I have been with my husband for nearly ten years, three and half of which we have been married. We met in high school, and not surprisingly went through multiple break ups before getting married. Due to my own insecurities and fears, both of our immaturity and inexperience, and his poor choices I found myself in a compulsive pattern of snooping through his personal belongings.

This pattern has nearly destroyed our relationship, and never, not once has brought me truth, understanding, growth; much less, any degree of peace or security in myself or my marriage. Yet, every time I sat down at his computer with shaking hands and my heart pounding out of my chest I was convinced I was in the right. I was going to find the truth one way or another even if that meant completely disregarding any semblance of privacy, and destroying my own self-worth in the process. I would dig and dig until I found some sort of "evidence" to prove that he couldn't be trusted. In the end I was left feeling ashamed, empty, and completely alone and unloved. And very rarely because I actually found anything of any real consequence, but more so because of my own behavior.

Flash-forward to now, and I have learned so much by exploring my own behavior and motives. I have chosen to focus on the only thing I have control over, myself and my actions. What I've learned so far is the "truth" I was actually seeking was to find ways to support several beliefs that I am now choosing to approach with openness rather than judgement:

  • that I am unloveable
  • that everyone will eventually disappoint me and hurt me
  • that ultimately I am broken, and will consequently never be enough
Now, I am gathering the skills to first recognize that these beliefs exist, then to question whether they are true and serving me in a way that is helpful and useful at this point in my life. Rather than blaming my husband and attacking him with my skewed idea of the truth I am now turning towards myself in an effort to understand my own beliefs and find ways to become the person I want to be right now



What does honesty mean to you? How have you used honesty in the past and how has that affected you and your relationships?


Saturday, August 30, 2014

Awkward Introductions

If there is anything I hate in this world it is probably a blank page. I always wanted to be bursting at the seams with creativity. Overflowing with life-changing creations. Making something new and beautiful. Unfortunately, blank white space nearly sends me into a full-fledged panic. Naturally, I have avoided creating anything. Ever. 
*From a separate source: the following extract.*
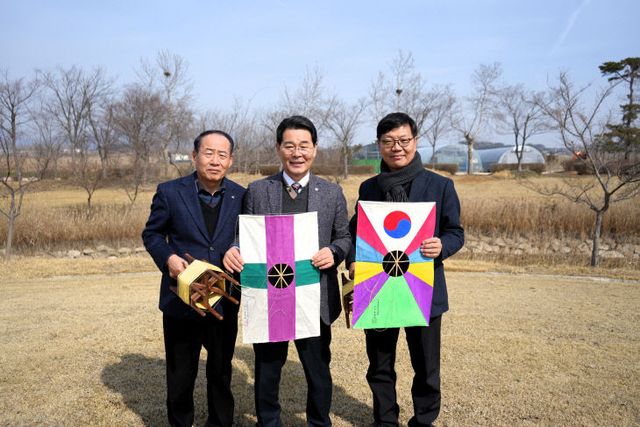 줄포 전국 민속 연날리기 대회 성황리 개최 (3)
I used to draw, paint, write poetry and songs, spend hours on an old keyboard or strumming on an acoustic guitar I didn't know how to tune, take pictures... but somewhere in my late teens it all came to a halting stop. Somewhere this fear developed. My ideas were unworthy of expression. I subscribed to a belief that there is a "right" way to be creative. A "right" kind of beauty. I devalued myself, my ideas of beauty, love, and everything else. I lost myself before ever giving myself the opportunity to find who I am, what I want, love, find beautiful.

So, here we are in this little corner of the internet. Due to some very difficult years, sprinkled with terrible choices, small glimpses of happiness, and long stretches of disconnection and overwhelming sadness, I am at a crossroads. I can choose to keep doing the same things I've been doing or I can choose to seek progress by being honest in all things. I am choosing honesty because the fog I have been living is choking any chance at happiness. 

In sharing my journey in attempting to find myself, explore my beliefs, and learn to express my idea of beauty I hope to help anyone who stumbles on this blog know they are not alone. Maybe we can learn how to navigate this world together in a more honest, loving, and open way.

I believe that we can all find happiness. We can all question our beliefs and the stories we tell ourselves. Most importantly, I believe we are never alone and that sharing our pain, insecurities, mistakes, and trials is the only way to rid ourselves of shame. To shine light on the darkness that surrounds us, and feels so real and thick that we might drown. In spite of the struggles I am going through at this stage in my life, I am optimistic and I hope that this blog will help to keep that optimism burning and be a place to document progress without expectations of perfection.